1. A device comprising:

a processor programmed for accessing data-items from a matrix of rows and columns of data-items, access being constrained to a window that is moved in successive scans along a row direction of the matrix of rows and columns of data-items, each scan at a successive position along a column direction of the matrix of rows and columns of data-items; and

a cache memory for caching data-items from a bundle of rows of data-items, the cache memory comprising control means for making a location used for a first data-item from an earliest cached row of the bundle available for reuse when the window moves along the row direction, and for retrieving a second data item for a latest cached row into the cache memory, characterized in that an earliest and a latest row in the cache memory are the earliest and latest row of the window, a position of the first data-item along the row direction of the matrix trailing a position of the second data-item along the row direction of the matrix.

2. The device according to claim 1, wherein the second data-item replaces the first data-item in the cache memory.

3. The device according to claim 1, wherein when the processor advances the window between directly successive scans, the processor advances the window in a column direction of the matrix by a block of at least two rows at a time, the control means making a first group of locations, used for first data-items from an earliest group of at least two cached rows of the bundle, available for reuse, and retrieving second data items for a latest group of at least two cached rows into the cache memory, where the earliest and latest group have the size of a block and extend towards each other starting from a top and bottom of the window, respectively.

4. The device according to claim 3, wherein a height of the window is not an integer factor of a height of the block.

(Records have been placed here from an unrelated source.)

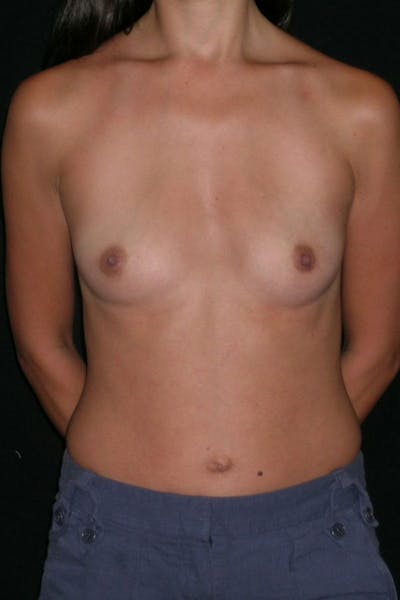 Breast Augmentation Before & After Gallery - Patient 23533128 - Image 1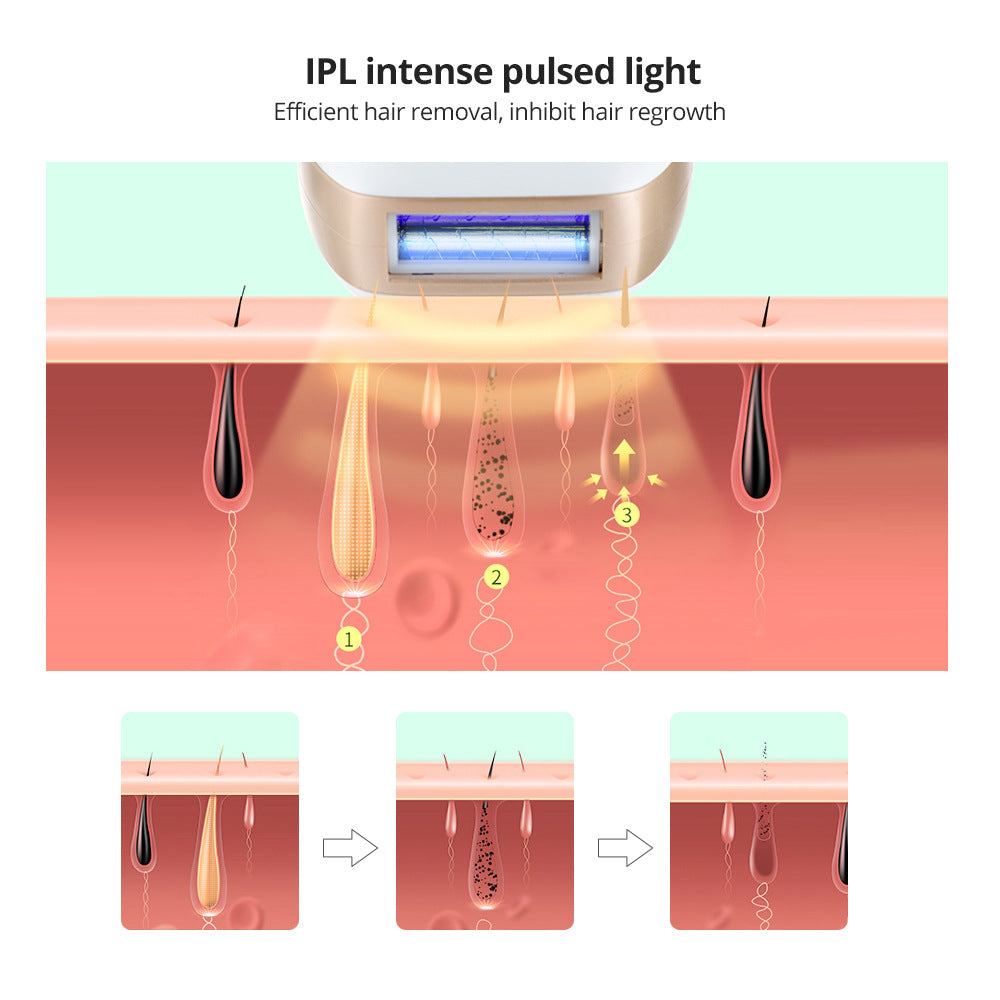 Hair Removal laser IPL intense pulsed light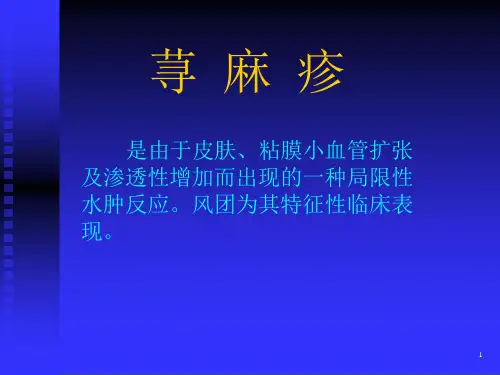 荨麻疹介绍ppt课件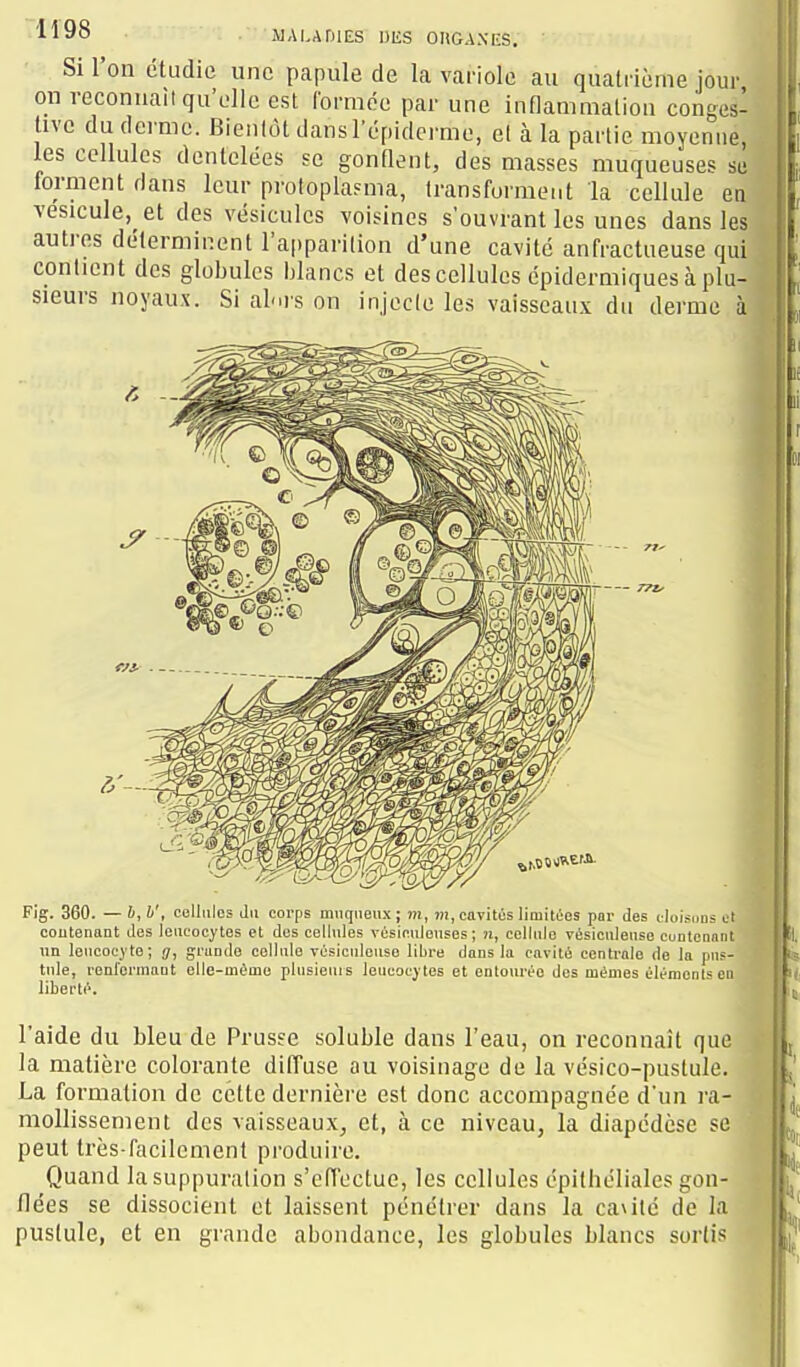 ^^^8 MALADIES 1)I£S OUGANF.S. Si l'on étudie une papule de la variole au quatrième jour, on reconnaît qu'elle est formée par une innammalion conges- tivc du derme. Bieulôt dansl'épiderme, el à la partie moyenne, les cellules dentelées se gonflent, des masses muqueuses se lorment dans leur protoplasma, transforment la cellule ea vésicule, et des vésicules voisines s'ouvrant les unes dans les autres déterminent ra|)parilion d'une cavité anfractueuse qui contient des globules blancs et des cellules épidermiques à plu- sieurs noyaux. Si alors on injecle les vaisseaux du derme à I Fig. 360. — b, b', cellules du corps nmqneux; )?!, m, cavités limitées par des clois(]Us et coutenant des leucocytes et des cellules vésleulouses ; n, cellule résiculeuse cuntcnniit un leucocyte; g, grande cellule vésiculouse libre dans la cavité centrale de la pus- tule, ronlormant elle-même plusieuis leucocytes et entourée des mêmes éléments en liberté. l'aide du bleu de Prusse soluble dans l'eau, on reconnaît que la matière colorante diffuse au voisinage de la vésico-pustule. La formation de cette dernière est donc accompagnée d'un ra- mollissement des vaisseaux^ et, à ce niveau, la diapédèse se peut très-facilement produire. Quand la suppuration s'effectue, les cellules épithéliales gon- flées se dissocient et laissent pénétrer dans la ca\ité de la pustule, et en grande abondance, les globules blancs sortis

5. A method of caching data-items for access that is restricted to a sliding window of data-items from a two-dimensional matrix of rows and columns of data-items, the method comprising the steps:

successively scanning the window along a row direction in the matrix of rows and columns of data-items, each scan at a successive position along a column direction in the matrix of rows and columns of data-items;

caching data-items from a bundle of rows of data-items in a cache memory; and

when the window moves along the row direction in the matrix, making a location used for a first data-item from an earliest cached row of the bundle available for reuse, and retrieving a second data item for a latest cached row into the cache memory, characterized in that an earliest and a latest row in the cache memory are the earliest and latest rows of the window, a position of the first data-item along the row direction of the matrix, trailing a position of the second data-item along the row direction of the matrix.